Top of DATA EXCERPT
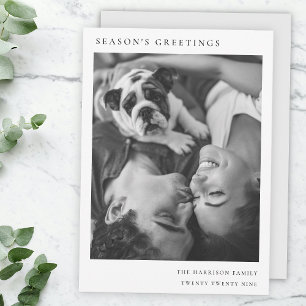 Cartes Pour Fêtes Annuelles Photo de Noël minimaliste simple en noir et blanc
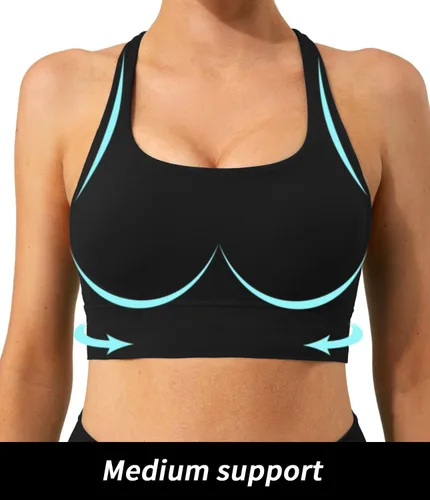 Vista 2 de Comper Brasier deportivo para mujer, sin varillas, espalda cruzada, brasier de entrenamiento sexy, tirantes cruzados, brasier deportivo de yoga
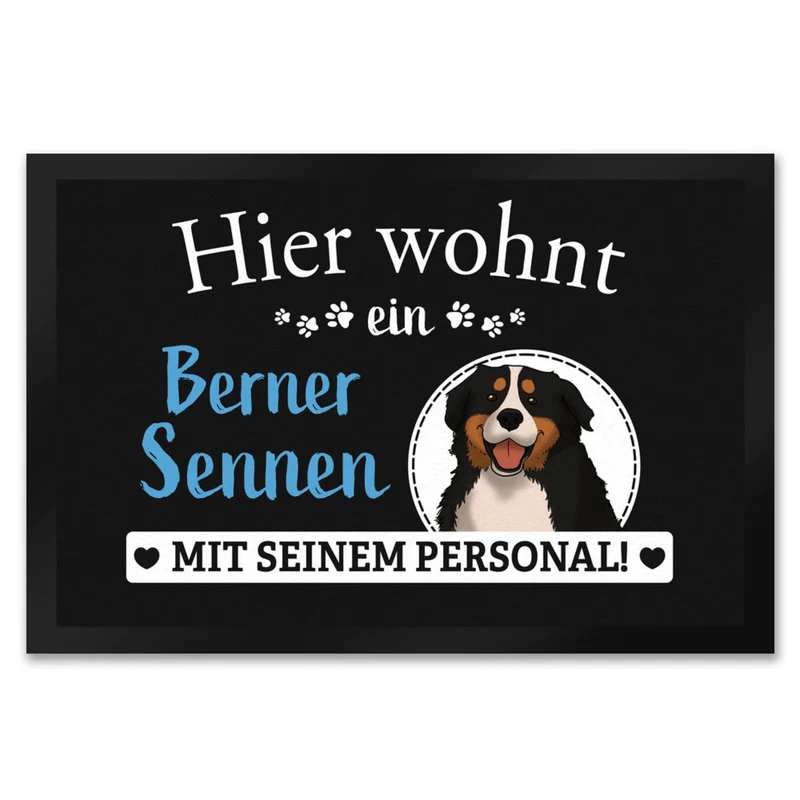 Hier wohnt ein Golden Retriever mit seinem Personal Fußmatte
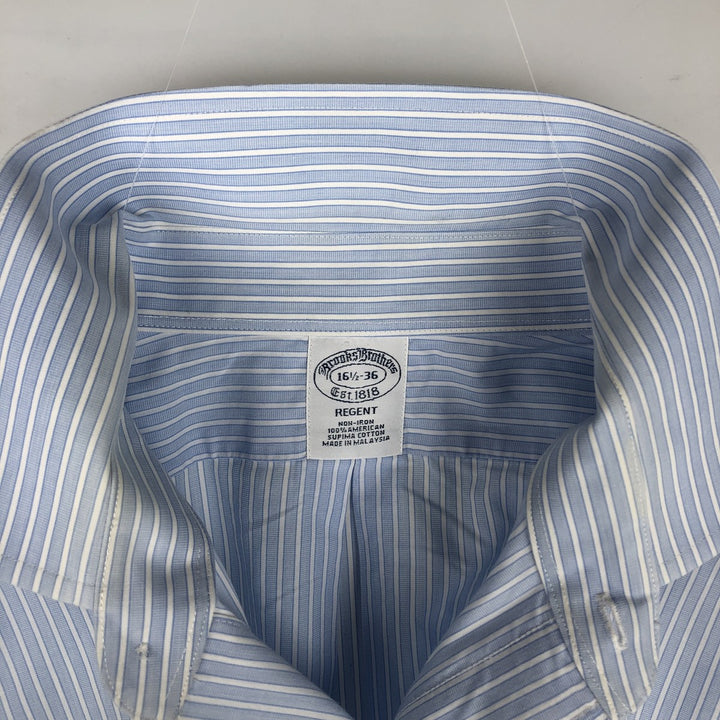 Brooks Brothers REGENT Long-Sleeve Cotton Stripe Shirt, Men's Size L (approx.) cotton Blue type light blue Vintage Second Hand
Bottom of DATA EXCERPT
**PROBLEM:** Restate the lines above exactly, from the one bearing "Vista 2 de Comper" through the final line of the material, both included, omitting pictures.

**RESULT OF THE EXERCISE:**
 Vista 2 de Comper Brasier deportivo para mujer, sin varillas, espalda cruzada, brasier de entrenamiento sexy, tirantes cruzados, brasier deportivo de yoga
 Hier wohnt ein Golden Retriever mit seinem Personal Fußmatte
 Brooks Brothers REGENT Long-Sleeve Cotton Stripe Shirt, Men's Size L (approx.) cotton Blue type light blue Vintage Second Hand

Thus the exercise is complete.